Hotel Cleanup Approaches $3 Million, City Manager Calls for Revised TIF

June 24, 2016
By

By Seth Daniel

A clean-up that was supposed to cost about $1 million has ballooned to a $3 million project for the new Homewood Suites hotel going up across from Chelsea High School, prompting City Manager Tom Ambrosino to ask the Council to revise the terms of the existing tax break for the hotel.

Ambrosino proposed an enhanced Tax Incremental Financing (TIF) agreement for the hotel, and two smaller TIFs for a new hotel on Broadway and the move of Rosev Dairy to Griffin Way.

“Instead of it costing $1 million, the cost to clean it up was about $3 million,” Ambrosino told the Council on Monday. “There were certain assumptions about that made when the City sold the land to the developer and granted the original TIF about what that cost would be. The investment is significantly higher now. The total cost for them is actually $6 million. They’ve come back looking for an adjustment to the TIF we gave them.”

The hotel was once a heavy metals manufacturer, Lawrenceville Metals, and officials at the groundbreaking of the hotel said the heavy metal contamination was some of the worst they had seen in the Northeast region. However, it was believed that the costs could be contained at $1 million.

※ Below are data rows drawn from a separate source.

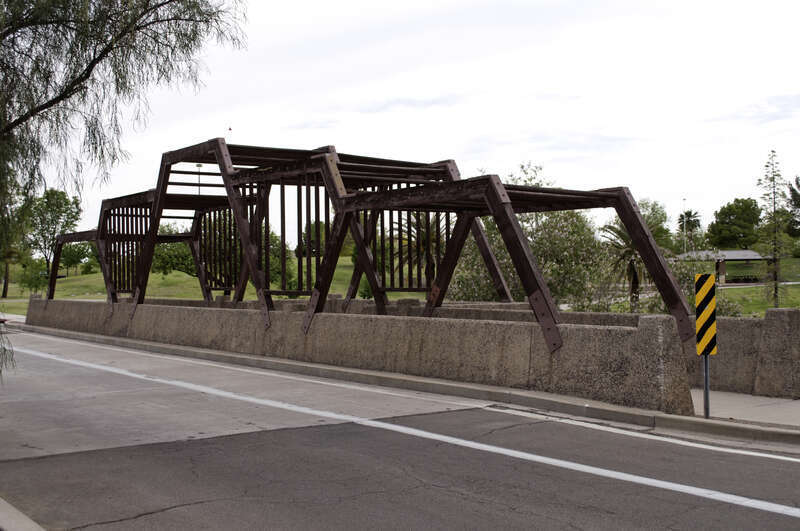 Kiwanis Park, Bridge Structure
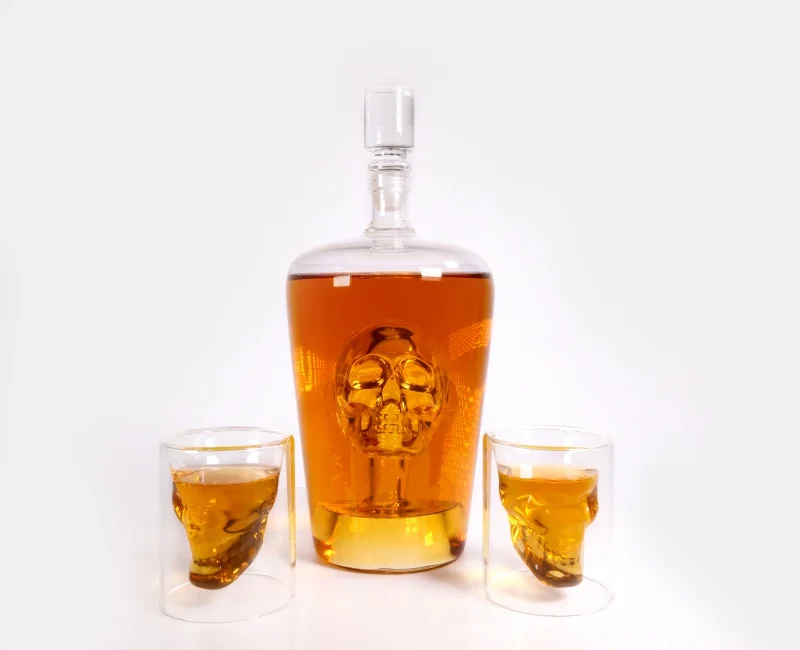 Wholesale clear 1000 ml decanter glass whiskey glass decanter With Two Glasses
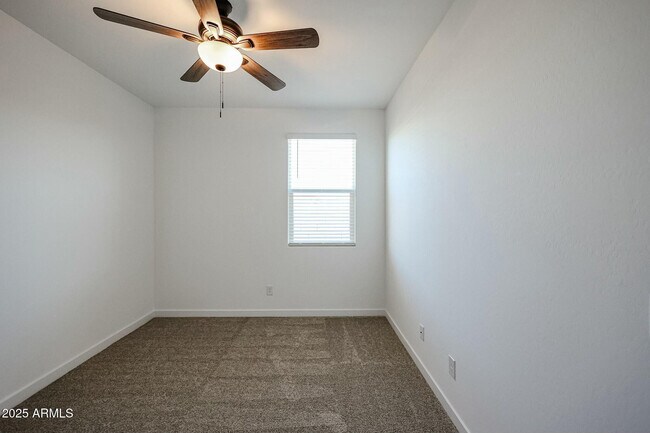 Building Photo - 7591 W Honeysuckle Dr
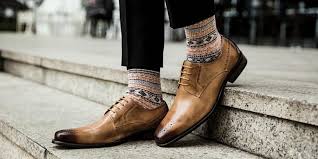 lace up shoes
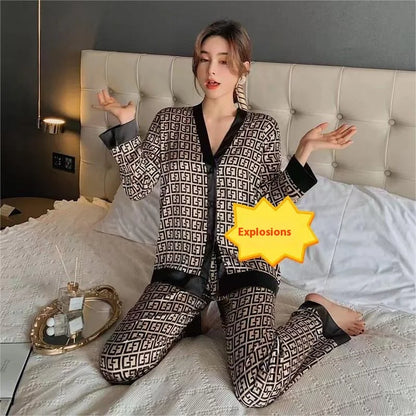 Frühling Neue Damen Eis Seide Pyjamas Homewear Set von Langarm Pyjamas Frauen Eis Seide Net Rot und Kragen Pyjamas homewear.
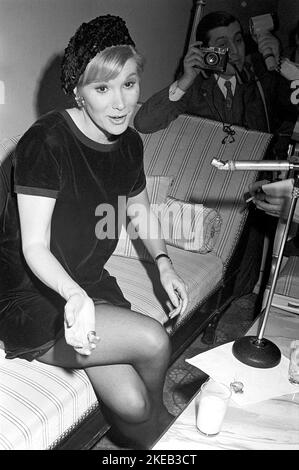 Susan Hampshire. CBE. Actrice anglaise née le 12 mai 1937. Photographié ici alors qu'en Suède 1968 dans le cadre de la série télévisée de la BBC la Forsyte Saga dans laquelle elle a joué dans le rôle de Fleur. La série a été initialement présentée en 26 épisodes le samedi soir avec début 7 janvier 1967. Suède 1968. Conard réf. 5544 Banque D'Images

That has not panned out, leading to delays that were, until now, unexplained.

The new TIF agreement looks to move from five years to seven years with enhanced tax breaks on the new value.

Year one and two would go from 50 percent tax reduction to 60 percent.

Year three and four would go from 40 percent to 50 percent.

Year five would be at 35 percent.

The last two years would remain unchanged at 25 percent.

The overall investment into the property is pegged at $33.79 million.

“The developer would get an additional $500,000 in tax relief,” said Ambrosino. “They would get that additional relief to help them with the unexpected $2 million cost for cleaning up the property.”

He said there would still be significant new tax revenues brought in by the property even with the enhanced proposed TIF. He said new tax revenues would still exceed $1.5 million per year from the property.

Another hotel on Broadway, near the Revere line, was proposed to for a TIF as well.

The Broadway Hotel is expected to invest $29.56 million into the vacant property at 1012-1018 Broadway.

The TIF terms for that agreement are proposed to be five years, with 50 percent at year one, 40 percent at year two, 25 percent at year three through five.

Finally, it was announced that Rosev Dairy on Second Street has decided to relocate within Chelsea to a building they have purchased and will renovate on Griffin Way.

“This is really a token TIF to let the company know we are encouraging their investment,” he said.

That TIF agreement proposes five years with a 5 percent break.

TIF agreements have been routinely used in Chelsea to attract and retain businesses. It is important to note that businesses getting a TIF only get the percentage break on the new value they create. The existing value on the property is taxed at the regular rate.

The matters were sent to be scheduled for a public hearing.